◆ Task directions:
From the line containing "Kosmetické zrcadlo s dřevěným" down to the line containing "Tesco Finest Sicilian", copy out the entries below exactly, both lines included, and nothing else; pictures do not belong in the copy.

START Dataset content

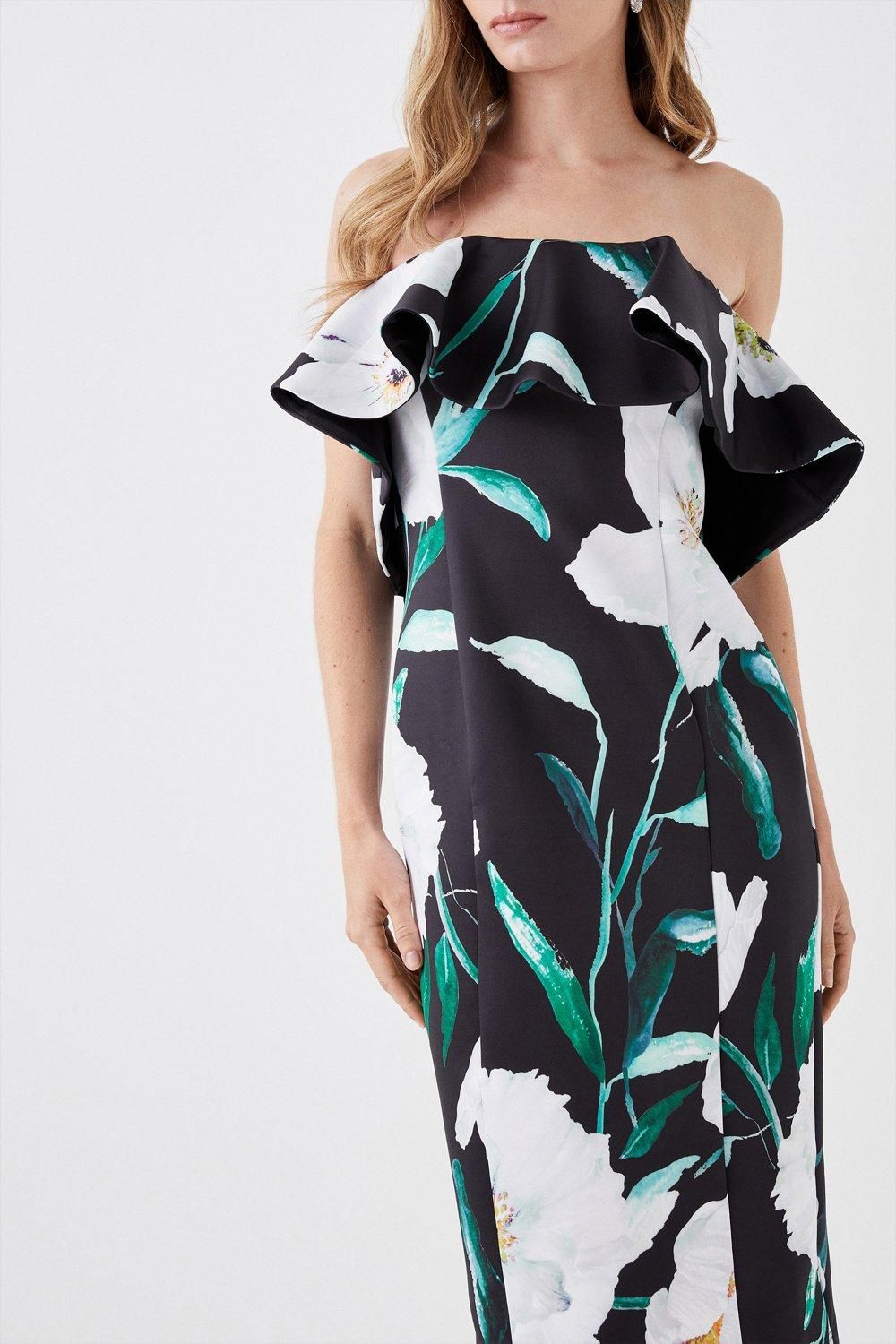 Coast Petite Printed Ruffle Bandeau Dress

END Dataset content
START Dataset content

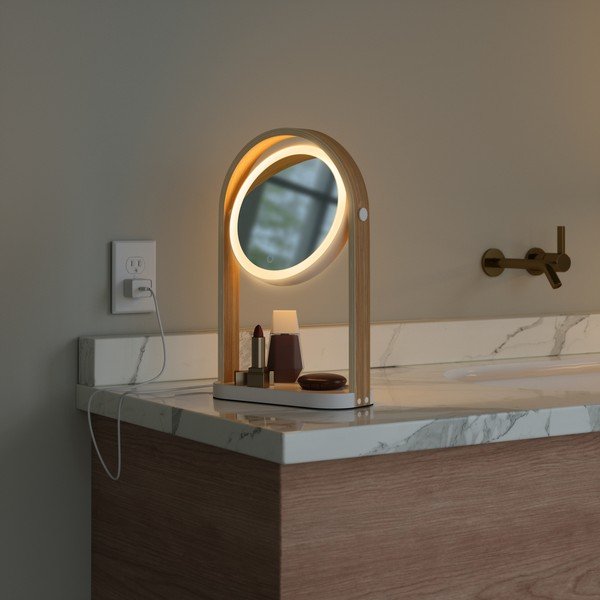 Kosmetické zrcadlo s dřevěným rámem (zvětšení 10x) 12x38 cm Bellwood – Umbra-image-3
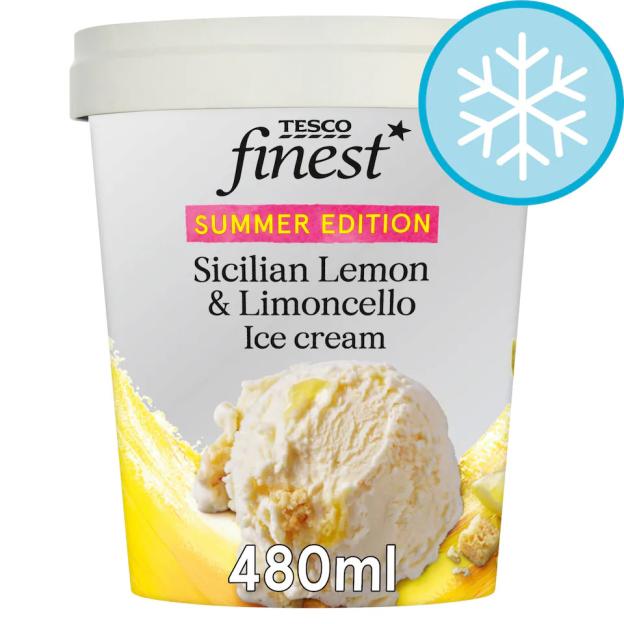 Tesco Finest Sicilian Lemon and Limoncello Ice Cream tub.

END Dataset content
START Dataset content

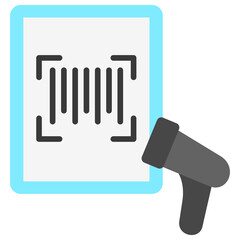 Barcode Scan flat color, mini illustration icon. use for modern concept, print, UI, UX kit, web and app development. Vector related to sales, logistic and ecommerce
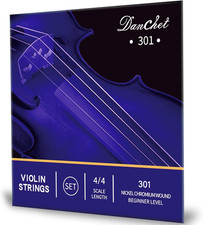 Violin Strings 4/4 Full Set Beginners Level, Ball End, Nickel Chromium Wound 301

END Dataset content

◆ Reply to the exercise:
 Kosmetické zrcadlo s dřevěným rámem (zvětšení 10x) 12x38 cm Bellwood – Umbra-image-3
 Tesco Finest Sicilian Lemon and Limoncello Ice Cream tub.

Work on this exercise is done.